This post contains original content by me and is sponsored by La Cucina Italiana

When most Americans think of gnocchi, they think of those soft little cushions of dough made with flour, potatoes and eggs and served with a tomato or pesto sauce. But there’s an entirely different type of gnocchi made with semolina flour called gnocchi alla Romana.

As you can guess, it’s a Roman dish that is served in a casserole hot from the oven, golden and crunchy on top. Talk about comfort food — these just melt in your mouth. They make a great primo piatto, or first course, but I frequently serve them as a starchy side dish with a roast, or even some meatballs or braciole. I decided to give the traditional gnocchi alla Romana a little twist and added some small cubes of roasted butternut squash. But they’re equally delicious without the squash if you prefer them plain.

Detailed instructions are in the recipe below, but you start by mixing the semolina flour with milk and butter until it’s very stiff. Many people recommend warming the milk first, but in my experience, you’re less likely to get lumps if you start out with cold milk. Keep stirring so it doesn’t burn on the bottom, and when it’s thick enough to hold a wooden spoon upright, you’re there.

You need eggs to make the gnocchi “puff up” in the oven, but if you stir the eggs directly into the pan with the hot gnocchi mixture, you’re going to wind up with scrambled eggs. So you need to temper the eggs first. To do this, place the eggs in a measuring cup and whisk them together. Then add a bit of the hot gnocchi mixture to the measuring cup, whisking all the time. Keep adding a few more tablespoons at a time, whisking vigorously each time, until the temperature of the mixture has warmed slightly and become a little thick. Now it’s safe to add this mixture into the large pot with the rest of the semolina gnocchi mixture, stirring all the while to blend everything together well.

Stir in the cooked bits of squash.

Then spread it out on a cookie sheet that you first moisten with a little water.

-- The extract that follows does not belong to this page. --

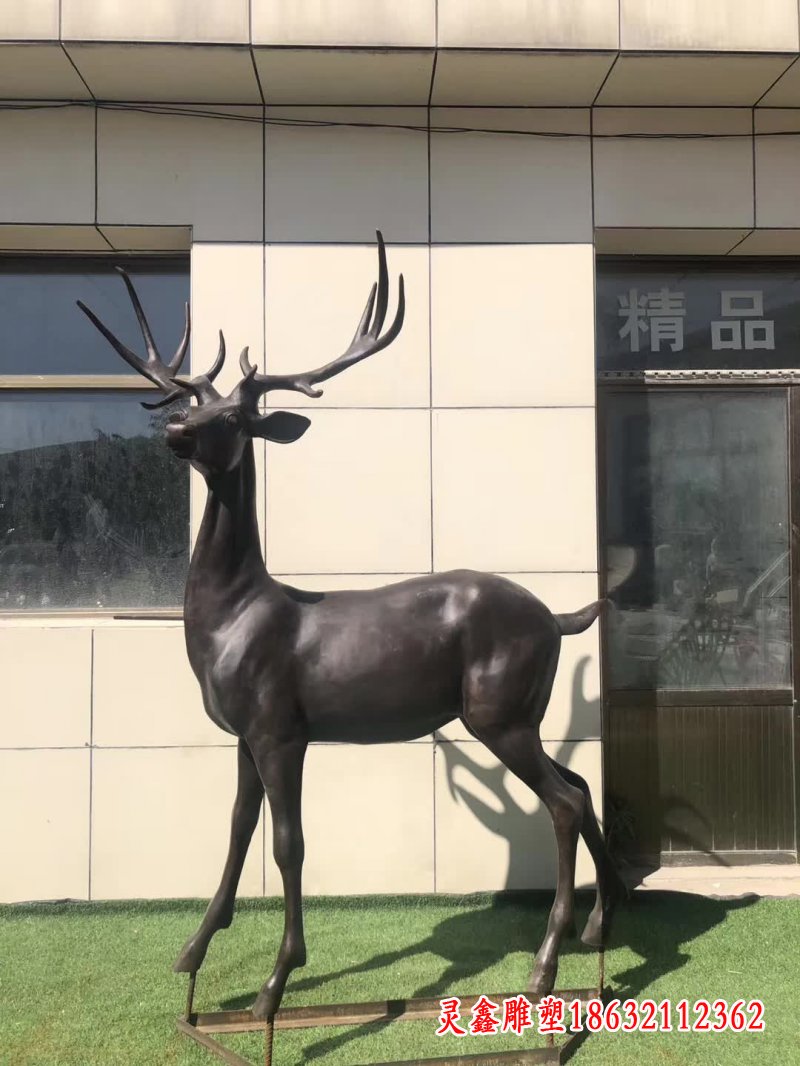 园林鹿雕塑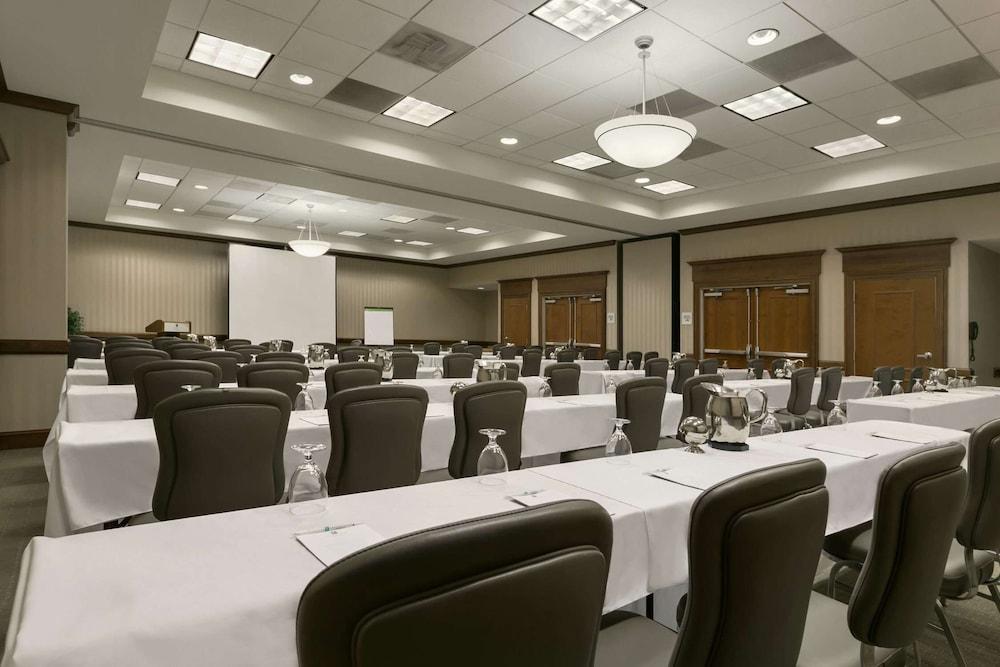 Embassy Suites By Hilton Dulles North Loudoun Екстер'єр фото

Let it cool in the refrigerator several hours or overnight (covered with plastic wrap if overnight.)

Use a cookie or biscuit cutter (or even the rim of a glass) to cut circles about two to three inches in diameter.
Arrange in a buttered pan.

Generously sprinkle parmesan cheese on top.

Bake in the oven until golden and crispy on top.

Make extra, because they are always a hit and you’ll want leftovers. They’re easy to reheat in the oven or microwave the next day.

Connect with me on Instagram and find out what Ciao Chow Linda is up to in the kitchen (and other places too.)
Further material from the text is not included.